Meu novo incômodo me faz notar os passos de minha mãe pela casa e os episódios de tosse dela, que antes passavam despercebidos. A dobradiça da porta do armário na cozinha, a panela que desencaixo de dentro de outra maior para cozinhar. O teclado no qual trabalho. O sacolejo da carrocinha acoplada à moto do condomínio que recolhe o lixo. Tudo passou a me incomodar.

Resolvo sair de casa. Quando o motor do carro começou a fazer esse ruído? No rádio, que liga toda vez que a chave toca na ignição, as últimas notícias do… Desligo.

Paro na padaria. Pratos, talheres e xícaras formam uma orquestra desarmonizada durante o café da manhã. Por que as pessoas conversam tão alto em ambientes fechados? Vejo sonhos na vitrine. Aquele pãozinho doce recheado com creme de baunilha e coberto de açúcar geralmente me fazia esquecer dos problemas. É paixão de infância.

Me recordo que lá pelos quatro anos, passei uma manhã na cidade de Suzano (SP). Fazia muito frio e chovia. Enquanto esperávamos a garoa dar uma trégua na saída da estação de trem, minha mãe viu um carrinho desses que costumam ter pipoca, mas que vendia sonhos quentinhos, feitos na hora. O meu veio enrolado pela metade num papel branco, pouco aderente, e cheirava levemente à canela. Foi o melhor que comi até hoje.

Vou levar um para casa, penso. Também peço quatro pães franceses. Ouço a atendente abrir a porta do compartimento e retirar meu doce. Fecha e pesa na balança que faz outro barulho. Etiqueta. Ela me entrega as encomendas com um sorriso cansado e eu, tentando disfarçar o incômodo, agradeço.

Fila. Enquanto tento me distrair no celular escuto a moça do caixa gritar PRÓXIMO! umas quatro vezes até que eu me apresento antes dela anunciar novamente que está livre. Pago, agradeço e sigo até a porta automática da entrada, que a range antes da gente chegar nela. Uma saudação enervante para quem entra ou sai.

No caminho de volta, o rádio anuncia a incrível música chiclete de 30 segundos da última semana com letra de coach 3M: machista, misógino & meritocrata. Desligo. Levo umas fechadas e ensaio xingar, mas a voz não sai. Respiro fundo. Ele, o silêncio, passou a ser um lugar estranhamente confortável pra mim.
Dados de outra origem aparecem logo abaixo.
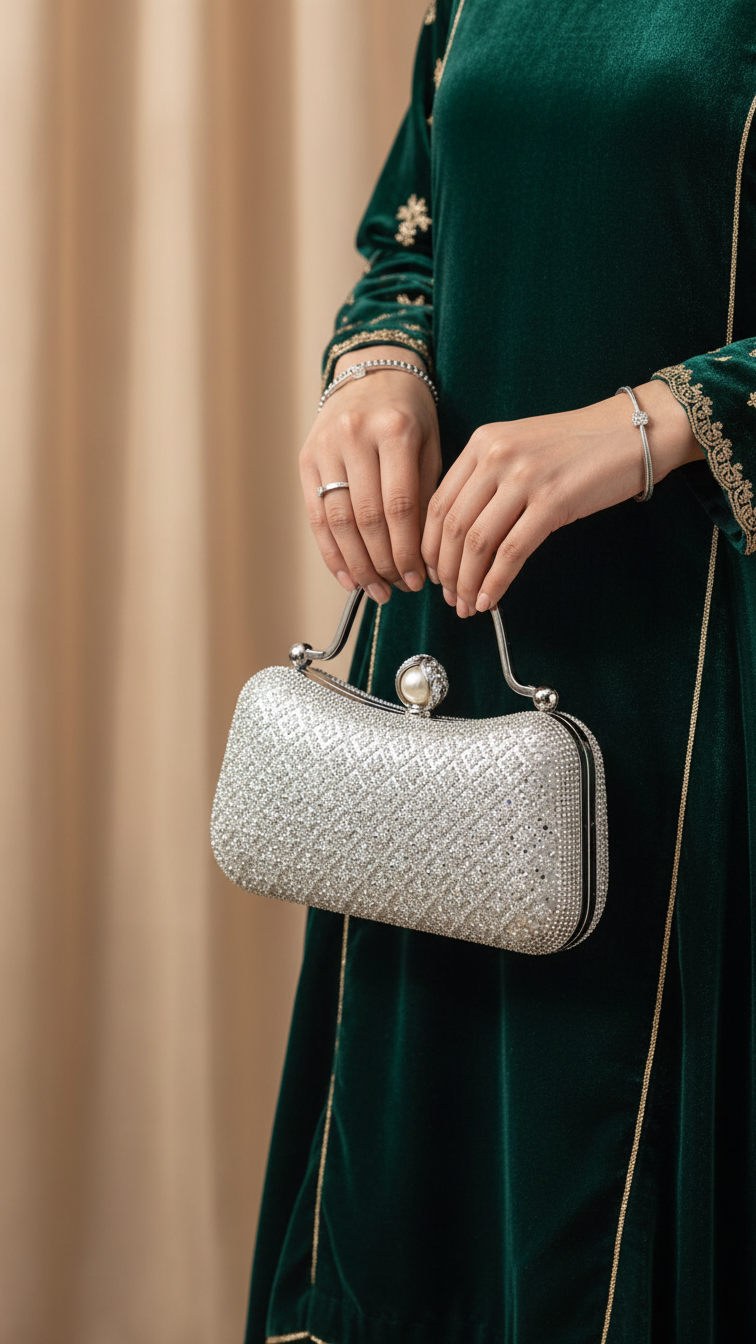 Silver Bridal Clutch p24263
Já em casa, mesa posta para o café da manhã acontecer às oito e meia em ponto. Olho para o sonho e decido aquecê-lo por dez segundos, para que a memória afetiva seja devidamente aguçada. Pós apito irritante do micro-ondas nos olhamos por alguns momentos e decido tirar um pedaço para provar. Corto, delicadamente, metade da metade. Mastigo por alguns segundos. Está bom, mas apenas isso. Nada de pupilas dilatadas.
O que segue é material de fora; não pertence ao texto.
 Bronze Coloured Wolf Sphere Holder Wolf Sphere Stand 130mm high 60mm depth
Fico ali pensando nos meus sentidos entorpecidos pelo vazio e me lembro de Nietzsche dizendo que “quando se olha muito tempo para um abismo, o abismo olha para você”.

O despertador me puxa de volta à realidade. Recolho o que não escoou pelo ralo e sigo para minha jornada de trabalho cinza, tentando lidar com expectativas inalcançáveis. Boto minha máscara.

Bom dia!

E sorrio.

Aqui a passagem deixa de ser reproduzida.